Nice Eski! Didn't know you'd had an RS2000 Sam?
oh man despite the full rotisserie resto it still somehow smelt like my old Rs2000. I'm on night shift but if I cant sleep tomorrow morning i'll be down there to hear it at full noise that's for sure.
Nice Eski! Didn't know you'd had an RS2000 Sam?
Yeah all RWD in the early days believe it or not. RA23 Celica GT with the 18R Yamaha twin cam on webbers and a genuine 2 door RS2000. It had forged bottom end and everything from a race cam with 45mm dellortos, to a rally cam with twin 40mm webbers and even a little street cam and one of those single side draft redline inlet manifolds. That's why I get a bit fizzy when I see anything with sidedrafts. Also had an AE71 Corolla that was going to get sprinter/4AGE treatment until I bought a Peugeot 205 GTi 1.9 instead. But then uni/backpacking/marriage/kids put it all on ice until I thought I'd buy a sensible VW commuter....

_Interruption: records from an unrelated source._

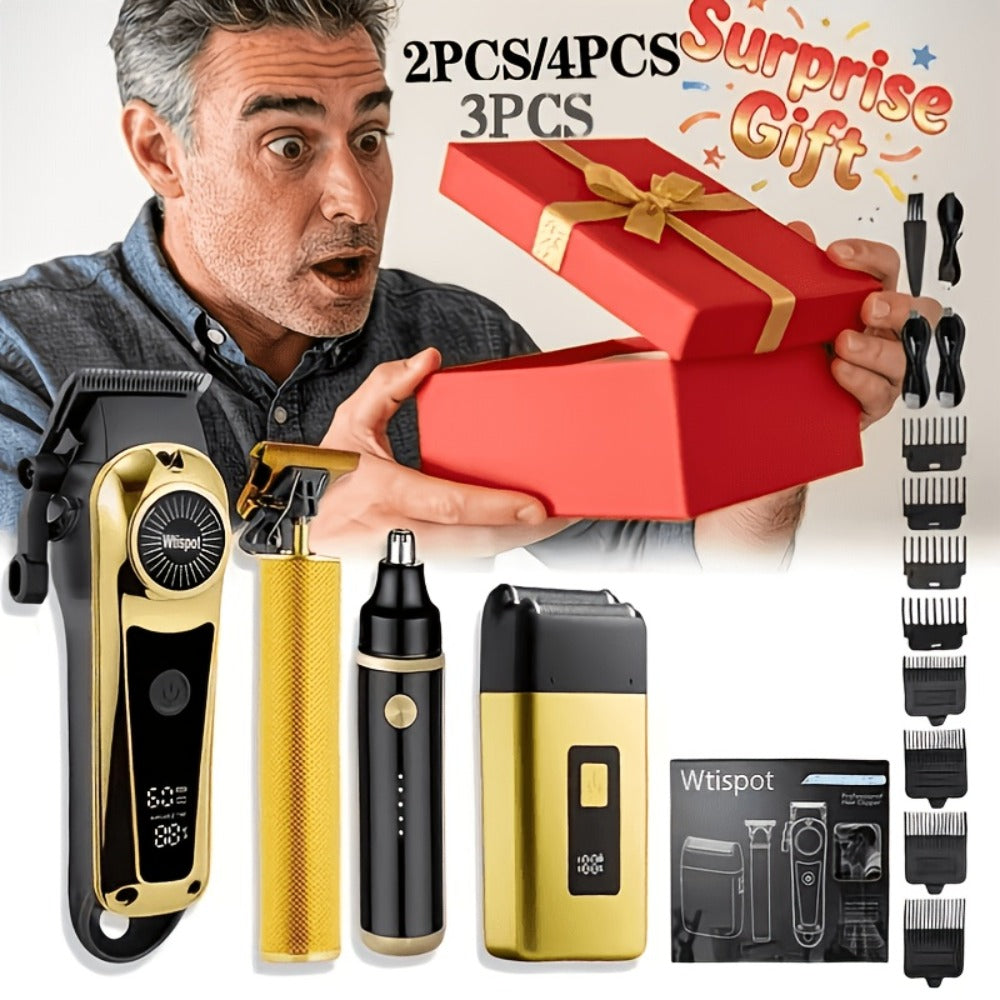 Take Care Of Everything! 2pcs/3pcs/4pcs Men'S Electric Hair Clipper, Nose Hair Clipper, Shaver Set - Wireless USB Charging Professional Hair Clipper Set With Lithium Battery - His Ideal Gift, Christmas, Valentine'S Gift| Fashionable Golden Design!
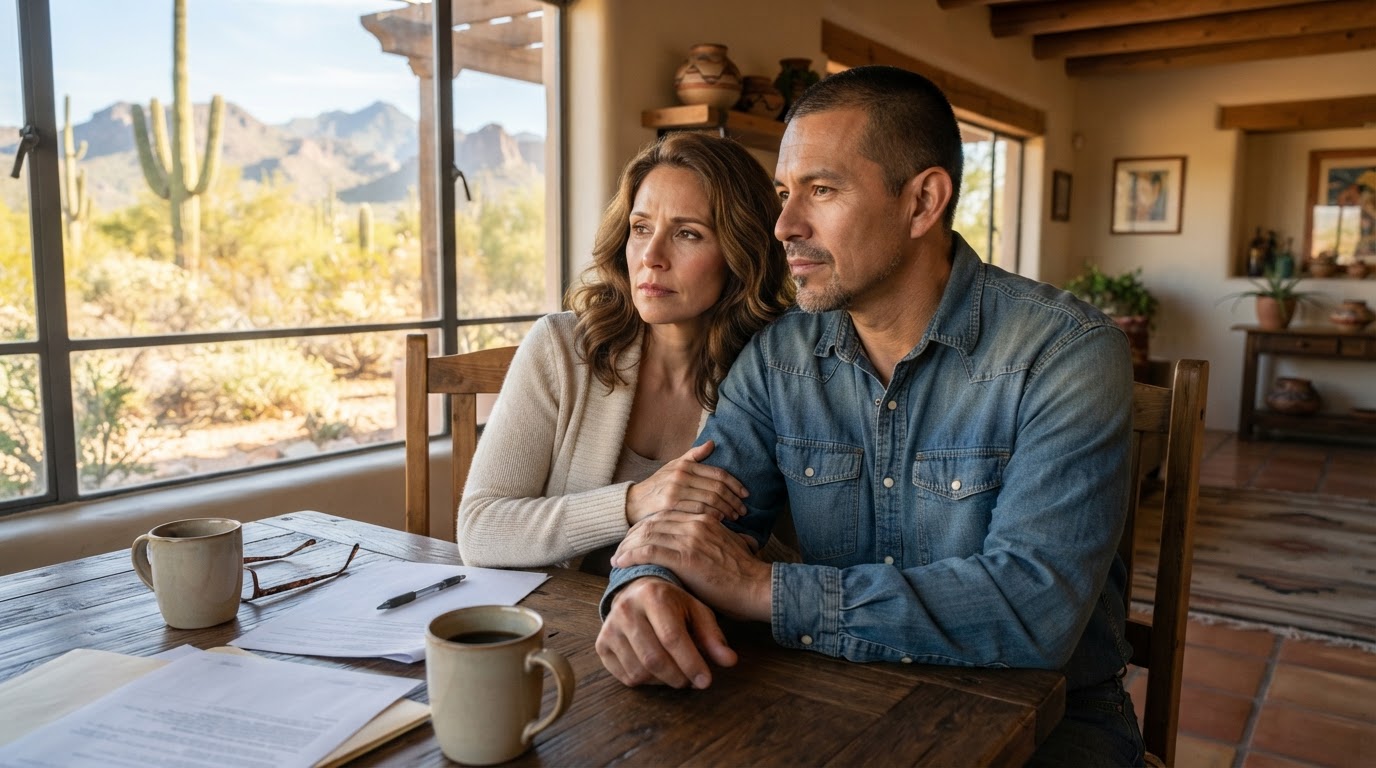 A couple sitting together at their kitchen table in the morning light, looking relieved and hopeful.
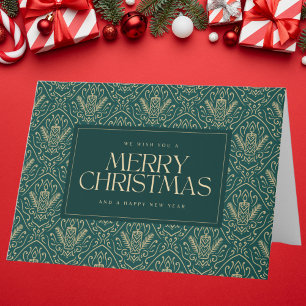 Dark Green Vintage Christmas Candle Card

Just found this pic. So its one thing to look at small port vs large port heads and think that the small ports don't look too terrible, but the inlet mani is another thing. This is looking back up a small port vs large port inlet mani. You can tell from the outside of these manis that the injector bosses are really big but check out how badly the injector boss chokes down the small port mani.

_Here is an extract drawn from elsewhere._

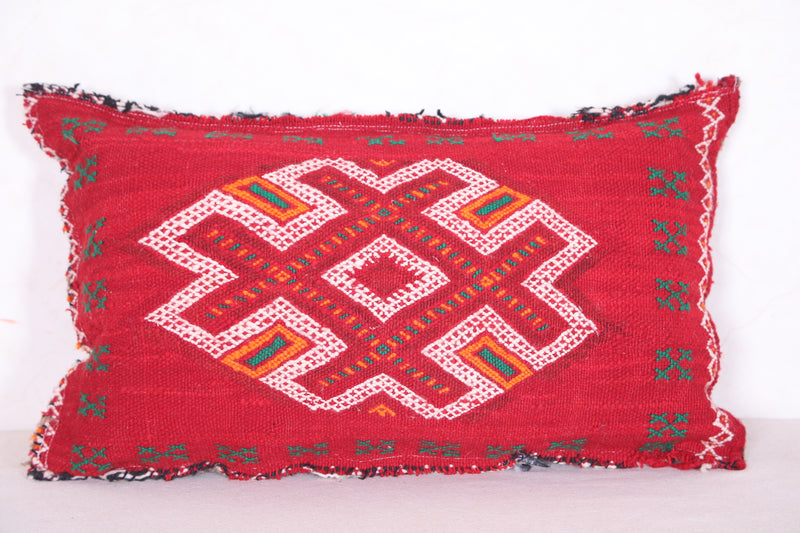 Red Moroccan Kilim Pillow 14.9 INCHES X 24 INCHES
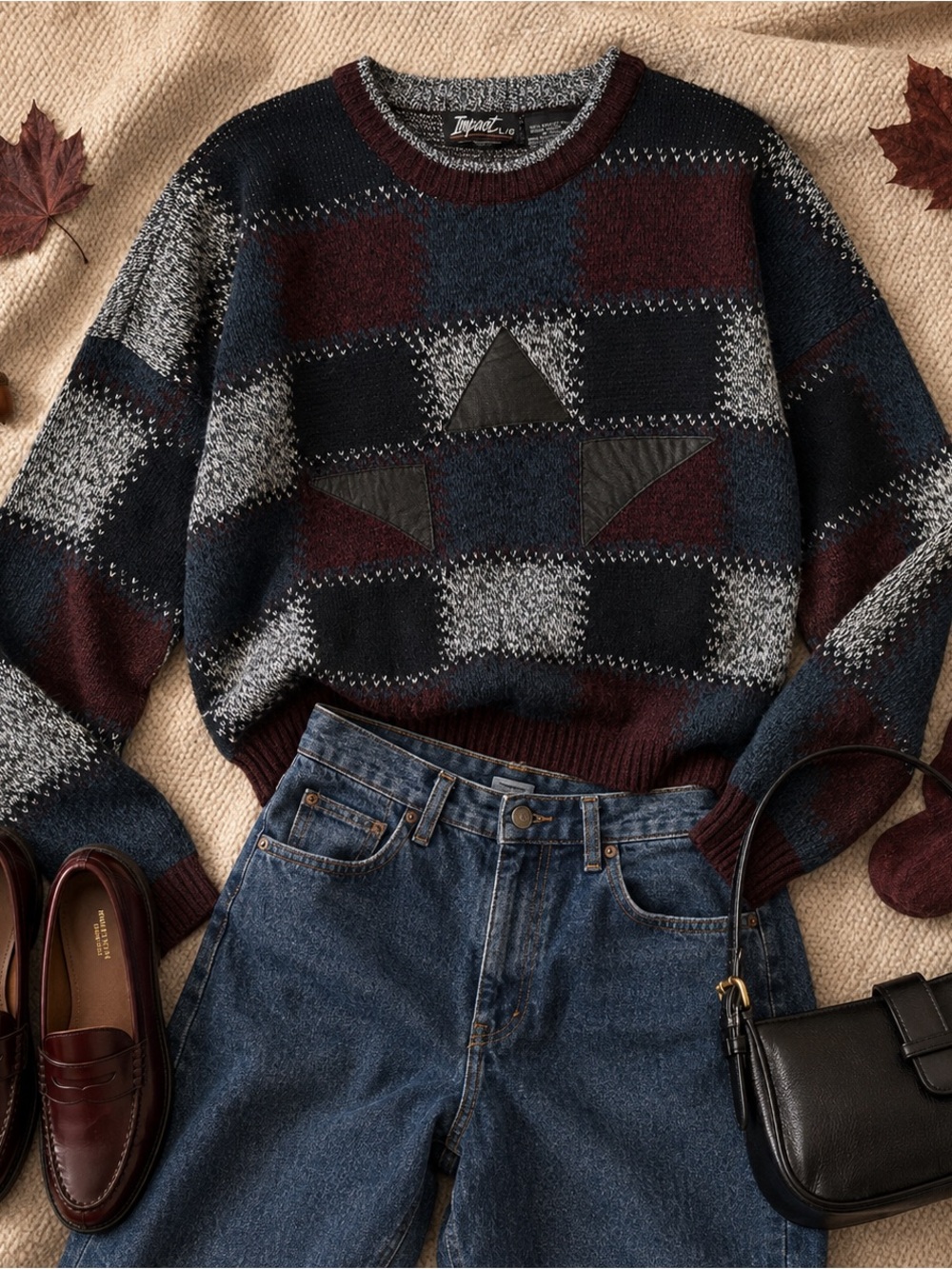 Vintage Impact Patchwork Sweater – Leather Geometric Detail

Makes you wonder if there's something decent to be had just by going for a large port manifold on a small port head. Using one of the thicker large port - small port step down phenolic spacers to give the most gradual/smooth step downs would have to be better than the small port inlet and cheaper than an aftermarket inlet.
this one is off the shelf
this one looks like a small port spacers being custom port matched to a large port inlet size.
http://www.cylinderheadtech.com/flownumbers.pdf
these are flowbench figures of 1.8T small and large port heads including ported versions of each. Its hard to compare the 1.8T's to the honda heads and the others as they are flowed at .450 lift vs .380 but could they have done the 1.8T at the lower lift because they have more valve area being 3v inlets as a way to standardize the readings for comparisons sake?

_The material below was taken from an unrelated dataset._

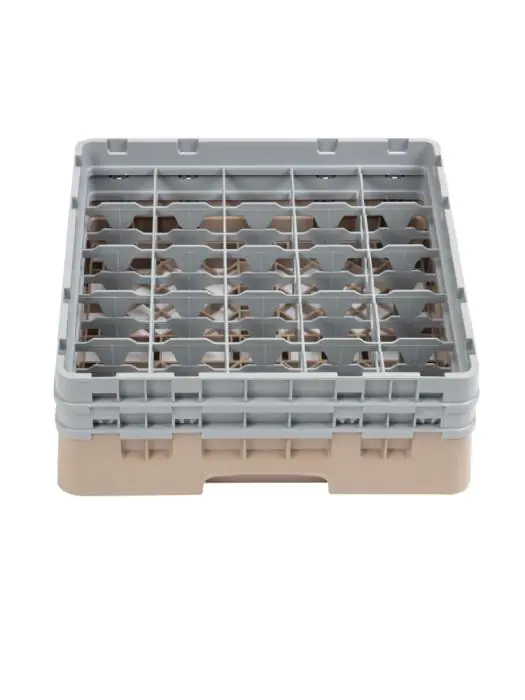 Vaatwaskorf - 25 compartimenten - Beige - H 18.4 x 50 x 50 CM - Polypropyleen - Cambro - DW555 DW555 €63.56 Afwaskorven voor bekerglazen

Not sure what to make of it. I always thought the exhaust ports were the same size regardless of inlet size yet the exhaust flows vary for common valve sizes. whats the go with that?
How do exhaust ports get flow benched. Surely they close the inlet valves and push air into the combustion chamber from below and flow them in the correct direction yeah.
You've had some cool toys!
Seems like the intake might be an advantage, but why not just go the head at the same time too?
My best engine is the one on the stand. Only has 90k km on it. I'm considering not even opening it up and just swinging that in, putting a better intake and the new turbo on it and crossing my fingers re the rods. It could hold together for a long time. The dud engine (the one that will come out of the car) can then be built properly with the large port, rods, S3 pistons, sump etc etc
Other option is to re rod and re head the engine that's in the car (and do it in the car) in which case I would do the head then too.
To do the exhaust ports we used to suck the air through the extractors. block off one cylinder at a time. Measure the vacuum, same as with the inlet by sucking into the combustion chamber.
I can't see the logic is reducing the lift to simulate 3 valves versus 2. For a given bore size the 3 inlet valves will be proportionally smaller (than the same bore size with 2 valves) so it doesn't seem logical to reduce the lift as some form of compensation. Possibly that's all the lift that they can fit without valve interference.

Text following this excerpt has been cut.